The problem
Skip the pictures and repeat each line of the data exactly.

Source material
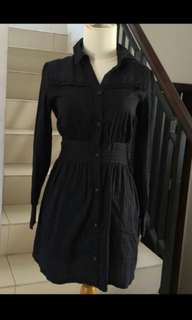 Baju terusan hitam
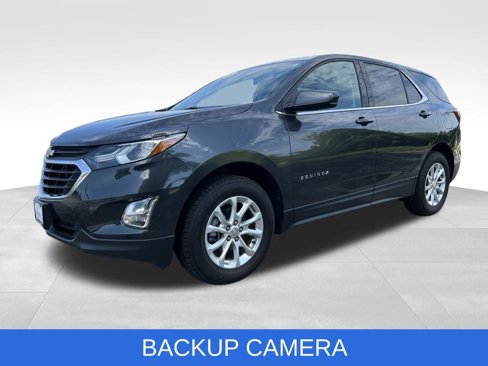 Used 2020 Chevrolet Equinox LT w/ Driver Convenience Package image 11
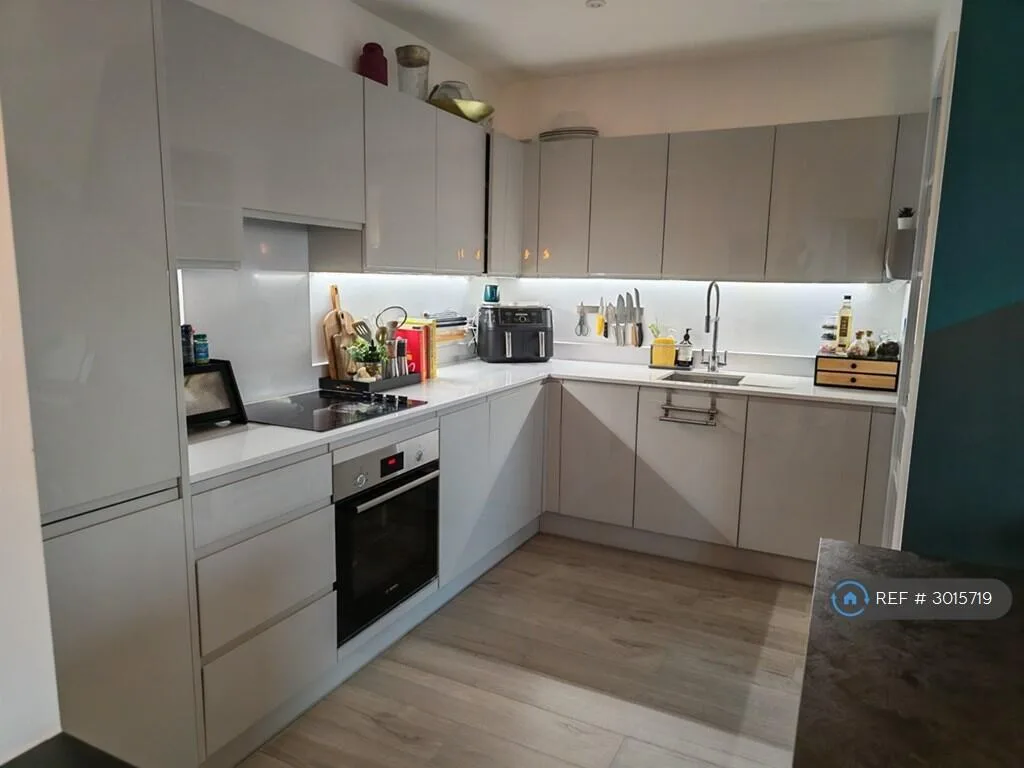 2 bedroom penthouse for rent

Expected answer
 Baju terusan hitam
 Used 2020 Chevrolet Equinox LT w/ Driver Convenience Package image 11
 2 bedroom penthouse for rent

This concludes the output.